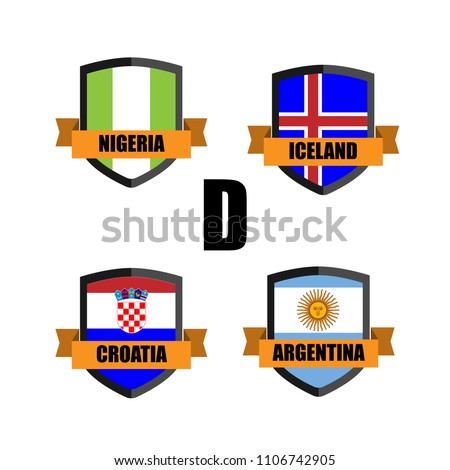 Set of Football Badge vector Designed illustration. Soccer tournament 2018 Group D with Word Nigeria,Iceland,Croatia,Argentina.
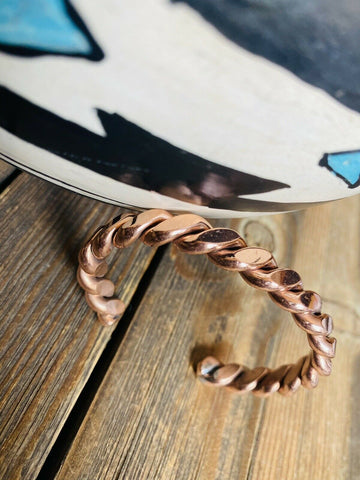 Navajo Copper Over Sterling Hand Twisted Cuff Bracelet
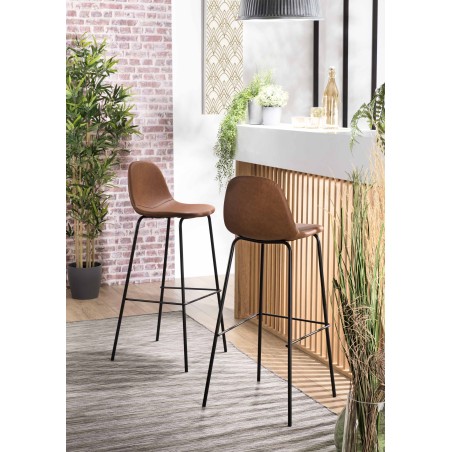 TOM - Set of 2 Brown John Bar Stools, Seat Height 80 cm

· · · · · · ·

* **Work required**
Exclude every picture and copy the remaining data exactly.

* **Response for this exercise**
 Set of Football Badge vector Designed illustration. Soccer tournament 2018 Group D with Word Nigeria,Iceland,Croatia,Argentina.
 Navajo Copper Over Sterling Hand Twisted Cuff Bracelet
 TOM - Set of 2 Brown John Bar Stools, Seat Height 80 cm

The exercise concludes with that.